What is expected: Only the text of the entries below should appear in your exact transcription; leave out every picture.

[Records drawn from a dataset]
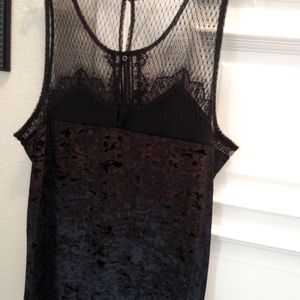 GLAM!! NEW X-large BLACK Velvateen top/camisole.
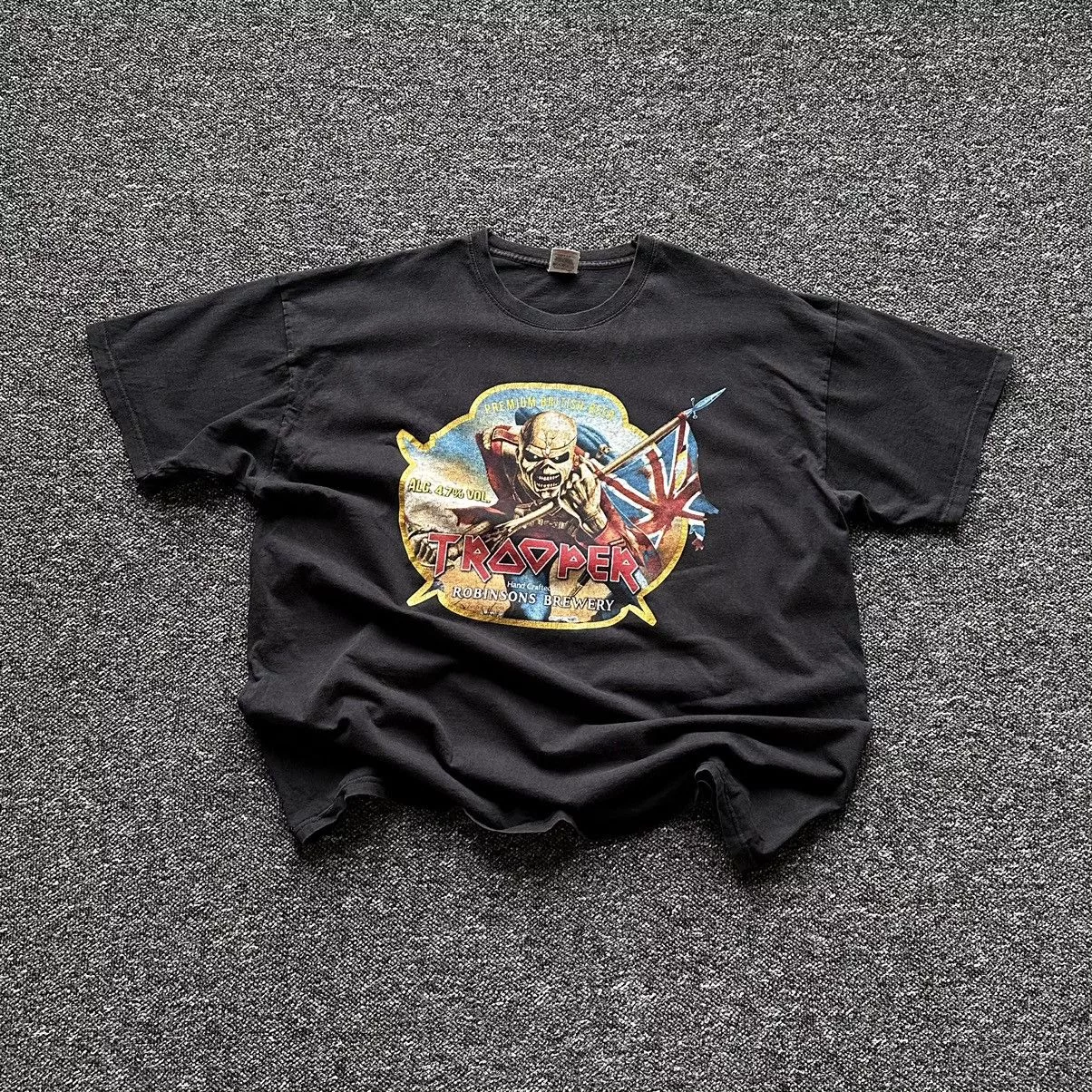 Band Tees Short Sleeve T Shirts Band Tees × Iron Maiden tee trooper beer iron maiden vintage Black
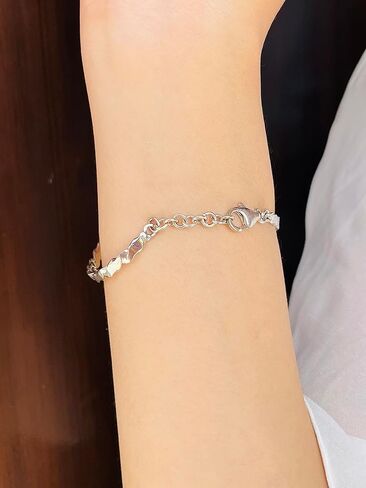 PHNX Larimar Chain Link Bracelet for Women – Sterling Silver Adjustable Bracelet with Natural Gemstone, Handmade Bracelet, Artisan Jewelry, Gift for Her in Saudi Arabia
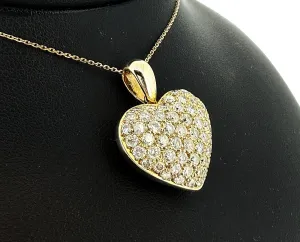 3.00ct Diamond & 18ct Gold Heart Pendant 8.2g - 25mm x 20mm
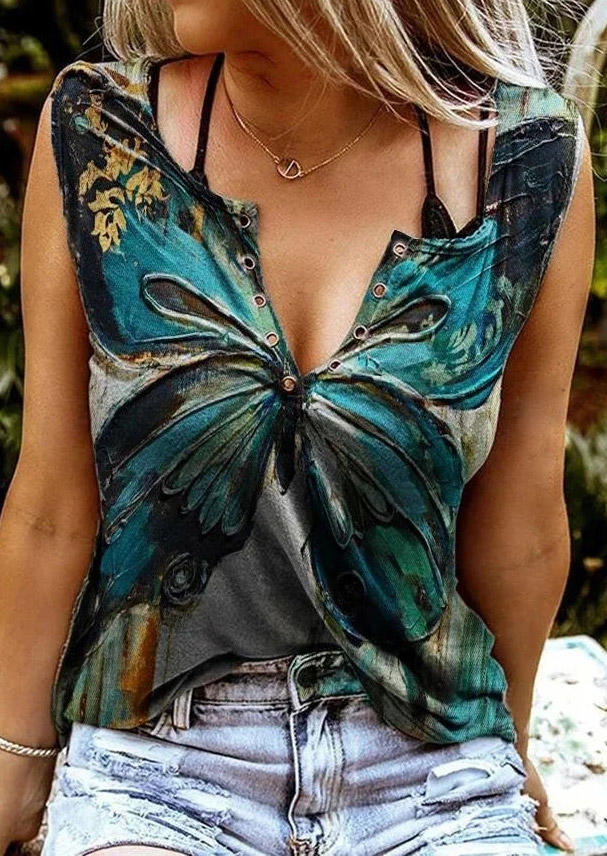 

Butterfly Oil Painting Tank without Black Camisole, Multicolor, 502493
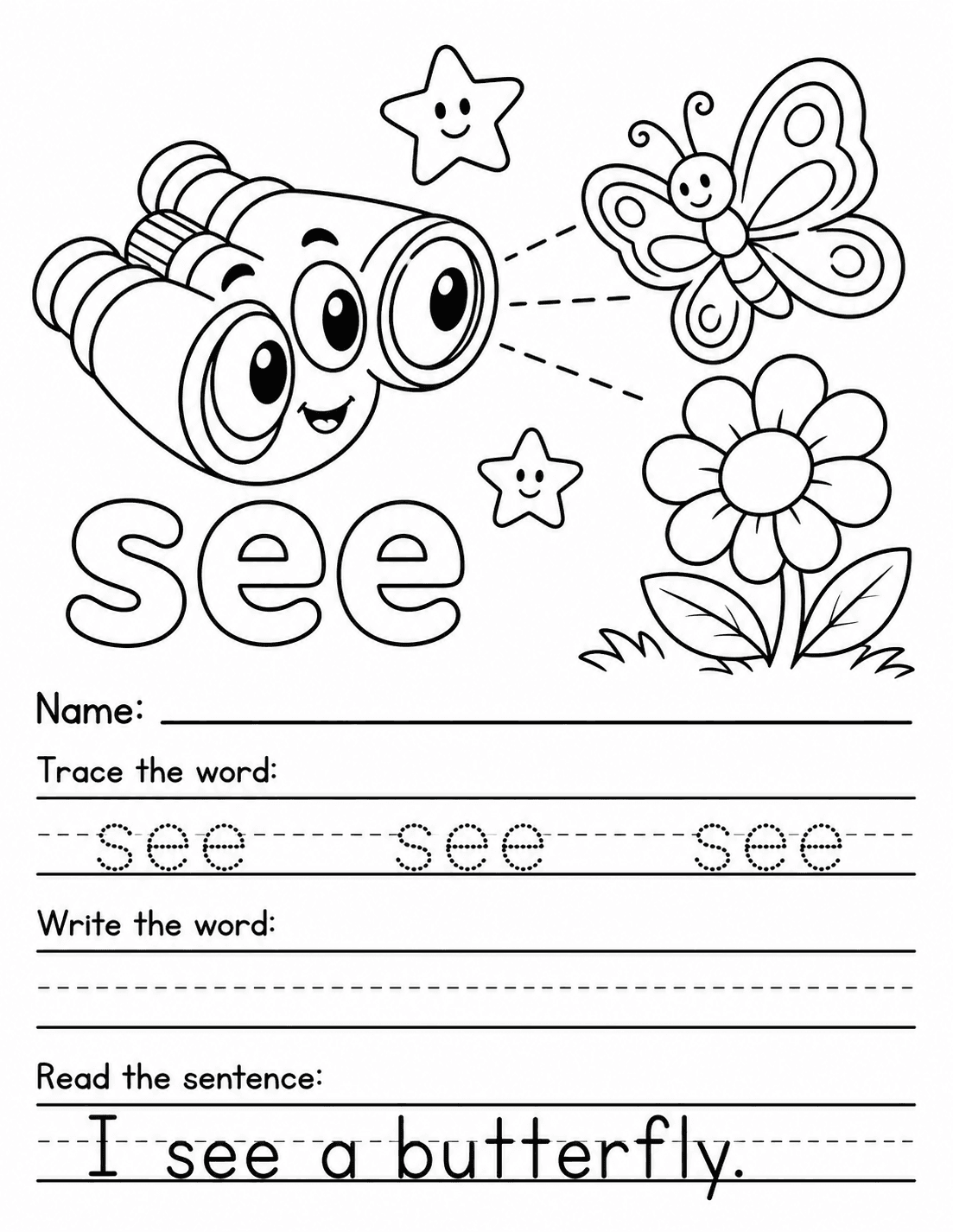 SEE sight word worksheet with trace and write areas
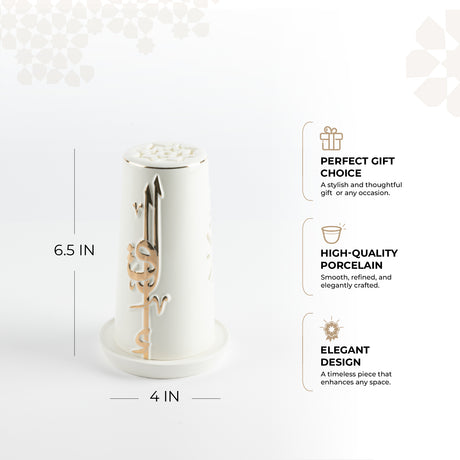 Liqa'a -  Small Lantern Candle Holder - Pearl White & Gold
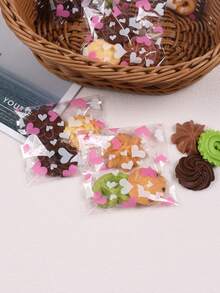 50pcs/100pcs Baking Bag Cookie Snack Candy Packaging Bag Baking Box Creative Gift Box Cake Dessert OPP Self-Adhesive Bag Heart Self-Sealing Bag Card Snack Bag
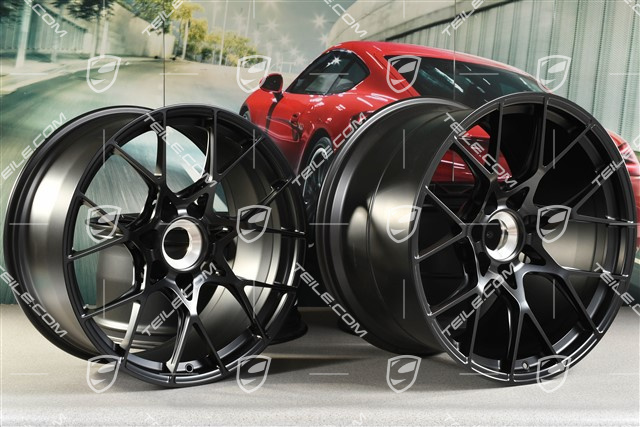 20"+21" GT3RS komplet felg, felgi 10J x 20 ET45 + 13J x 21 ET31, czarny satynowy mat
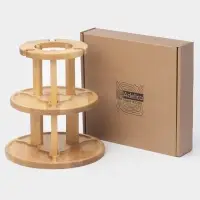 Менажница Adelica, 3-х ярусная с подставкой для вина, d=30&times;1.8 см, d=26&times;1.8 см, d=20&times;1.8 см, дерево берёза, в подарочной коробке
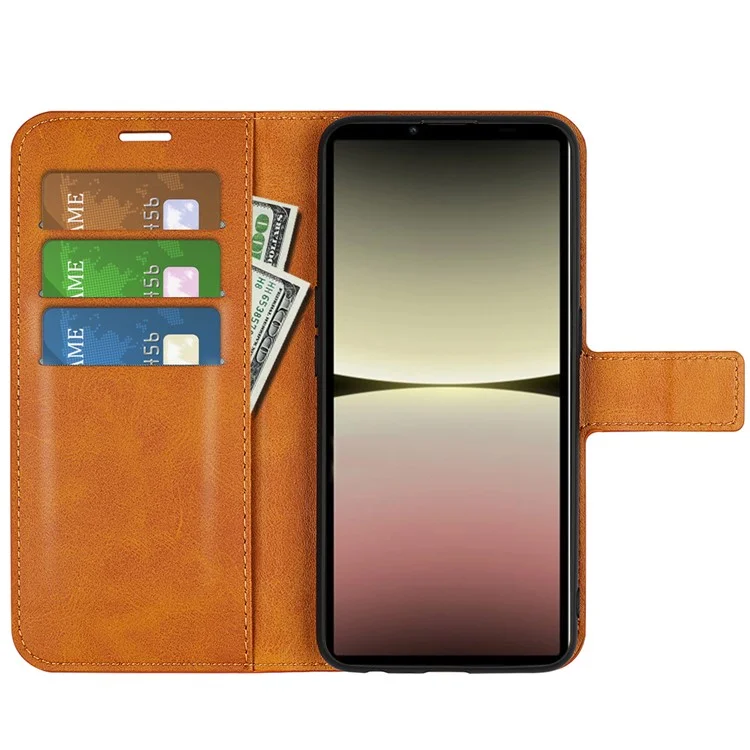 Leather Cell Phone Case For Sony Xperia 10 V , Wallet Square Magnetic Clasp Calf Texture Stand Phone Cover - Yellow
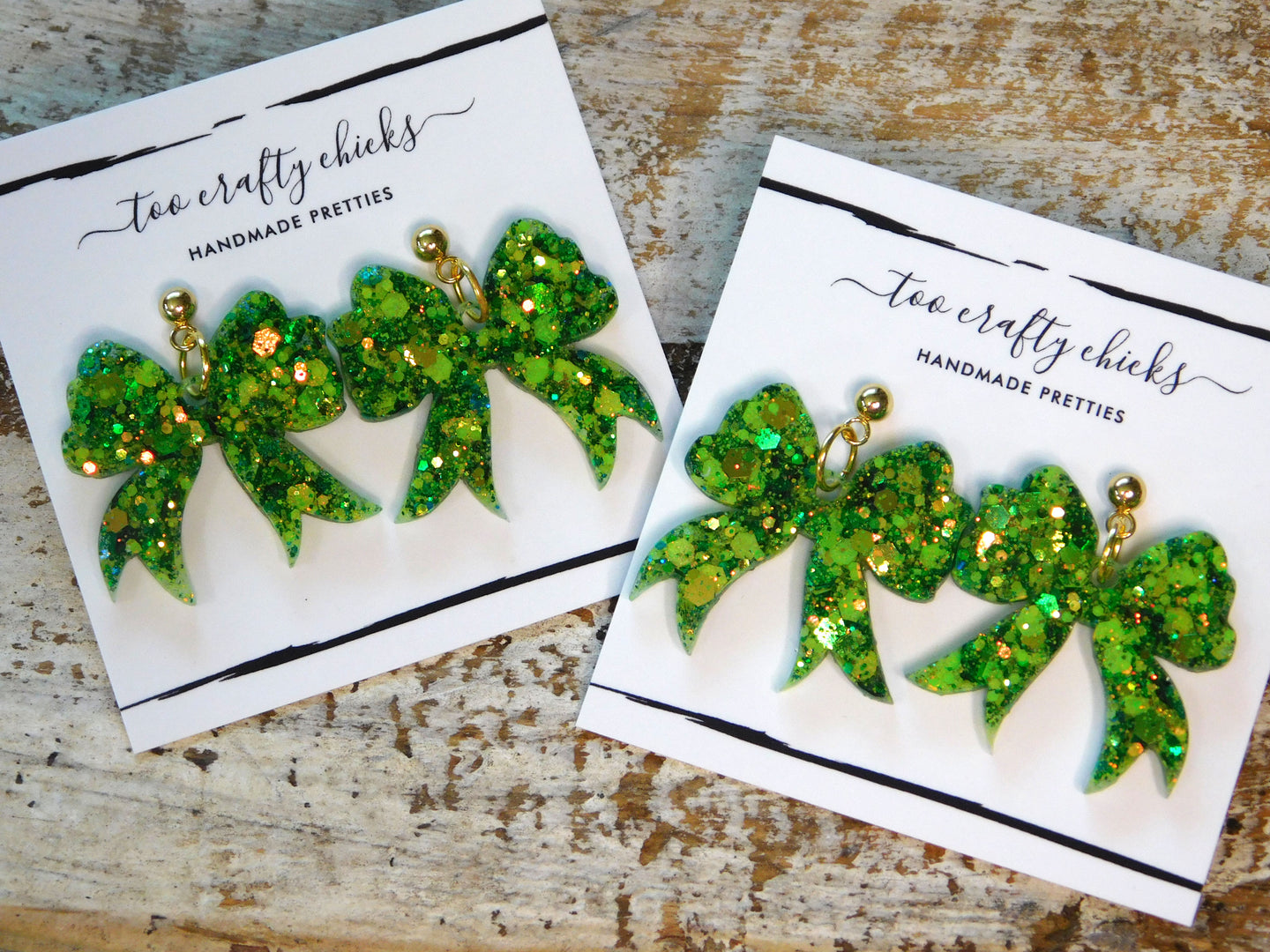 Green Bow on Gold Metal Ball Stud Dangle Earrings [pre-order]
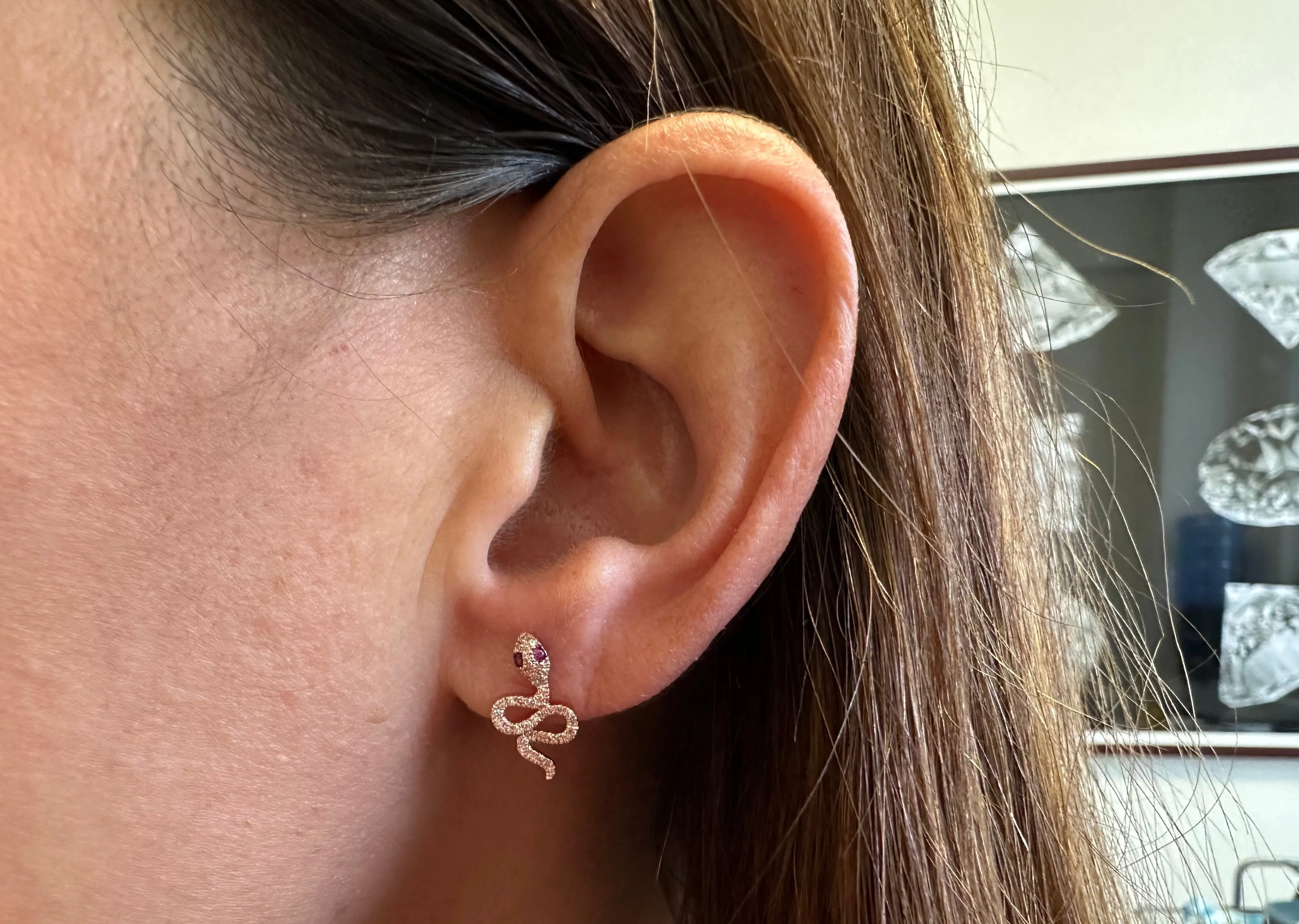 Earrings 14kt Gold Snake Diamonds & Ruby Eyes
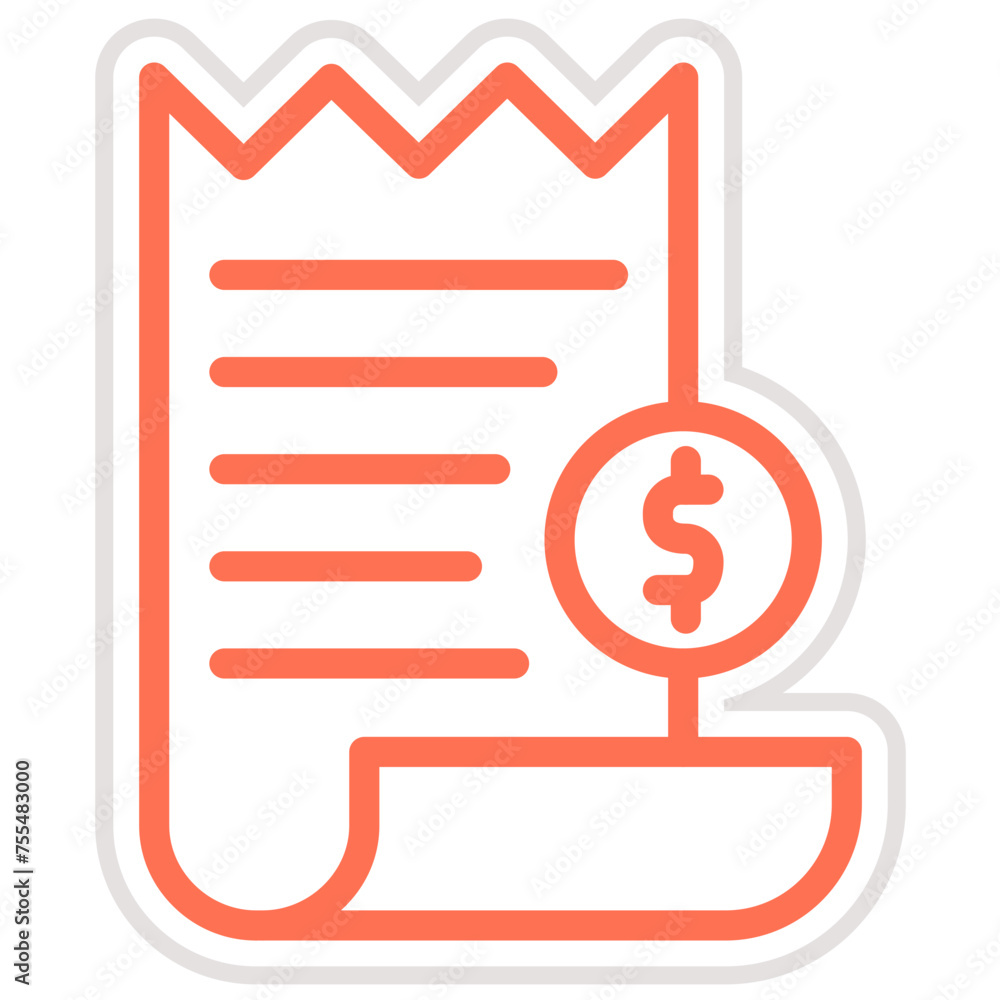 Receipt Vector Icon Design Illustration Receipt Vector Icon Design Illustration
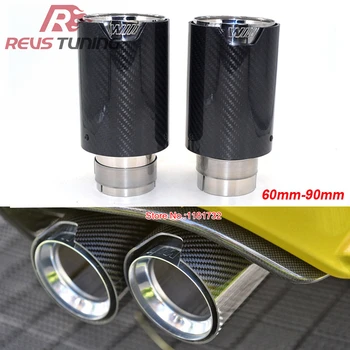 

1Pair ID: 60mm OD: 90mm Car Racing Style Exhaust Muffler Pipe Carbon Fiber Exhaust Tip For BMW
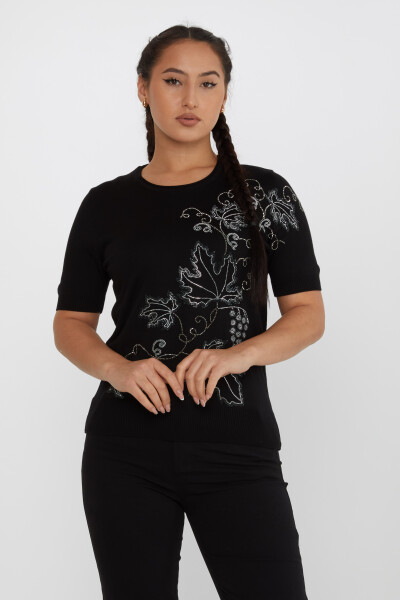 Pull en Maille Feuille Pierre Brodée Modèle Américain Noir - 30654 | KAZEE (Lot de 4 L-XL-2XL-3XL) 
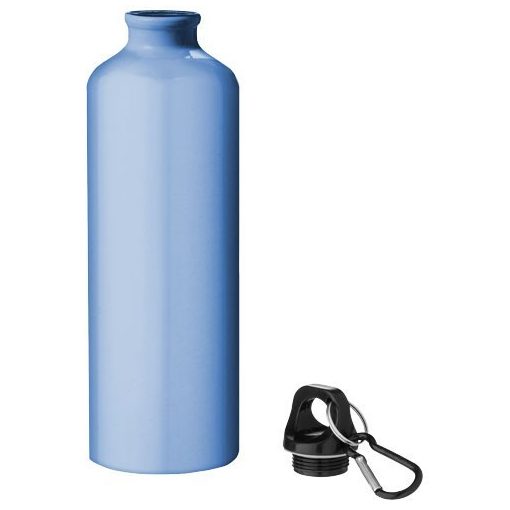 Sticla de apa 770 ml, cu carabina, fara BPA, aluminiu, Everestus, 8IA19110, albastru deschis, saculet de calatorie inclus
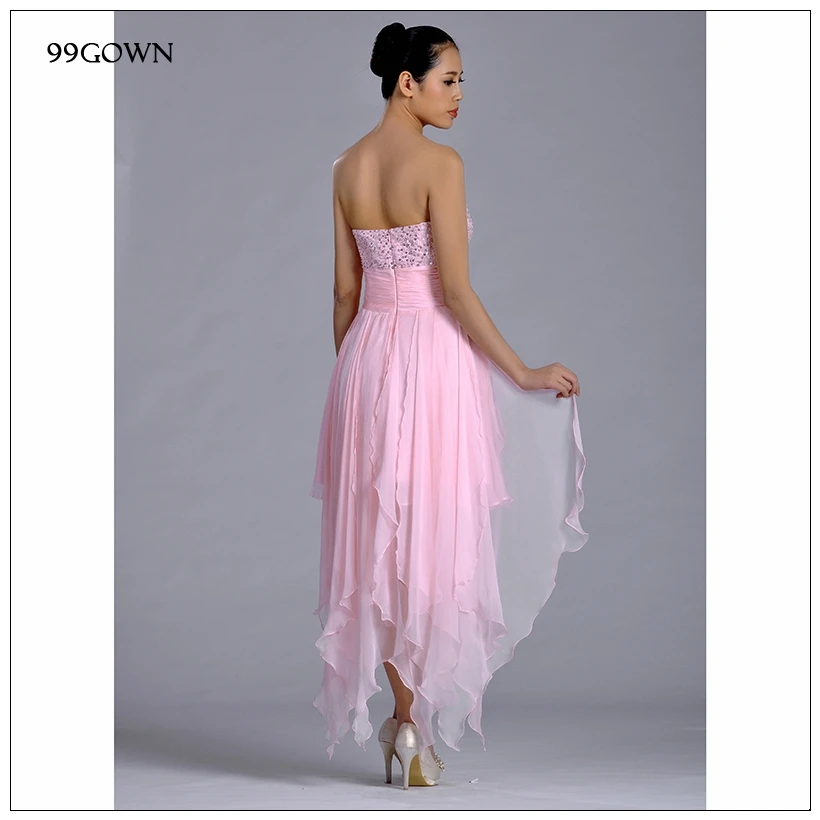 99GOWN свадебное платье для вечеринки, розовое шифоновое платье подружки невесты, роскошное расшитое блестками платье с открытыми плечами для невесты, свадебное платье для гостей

Result of this exercise:
 GLAM!! NEW X-large BLACK Velvateen top/camisole.
 Band Tees Short Sleeve T Shirts Band Tees × Iron Maiden tee trooper beer iron maiden vintage Black
 PHNX Larimar Chain Link Bracelet for Women – Sterling Silver Adjustable Bracelet with Natural Gemstone, Handmade Bracelet, Artisan Jewelry, Gift for Her in Saudi Arabia
 3.00ct Diamond & 18ct Gold Heart Pendant 8.2g - 25mm x 20mm

Butterfly Oil Painting Tank without Black Camisole, Multicolor, 502493
 SEE sight word worksheet with trace and write areas
 Liqa'a -  Small Lantern Candle Holder - Pearl White & Gold
 50pcs/100pcs Baking Bag Cookie Snack Candy Packaging Bag Baking Box Creative Gift Box Cake Dessert OPP Self-Adhesive Bag Heart Self-Sealing Bag Card Snack Bag
 20"+21" GT3RS komplet felg, felgi 10J x 20 ET45 + 13J x 21 ET31, czarny satynowy mat
 Менажница Adelica, 3-х ярусная с подставкой для вина, d=30&times;1.8 см, d=26&times;1.8 см, d=20&times;1.8 см, дерево берёза, в подарочной коробке
 Leather Cell Phone Case For Sony Xperia 10 V , Wallet Square Magnetic Clasp Calf Texture Stand Phone Cover - Yellow
 Green Bow on Gold Metal Ball Stud Dangle Earrings [pre-order]
 Earrings 14kt Gold Snake Diamonds & Ruby Eyes
 Receipt Vector Icon Design Illustration Receipt Vector Icon Design Illustration

1Pair ID: 60mm OD: 90mm Car Racing Style Exhaust Muffler Pipe Carbon Fiber Exhaust Tip For BMW
 Pull en Maille Feuille Pierre Brodée Modèle Américain Noir - 30654 | KAZEE (Lot de 4 L-XL-2XL-3XL) 
 Sticla de apa 770 ml, cu carabina, fara BPA, aluminiu, Everestus, 8IA19110, albastru deschis, saculet de calatorie inclus
 99GOWN свадебное платье для вечеринки, розовое шифоновое платье подружки невесты, роскошное расшитое блестками платье с открытыми плечами для невесты, свадебное платье для гостей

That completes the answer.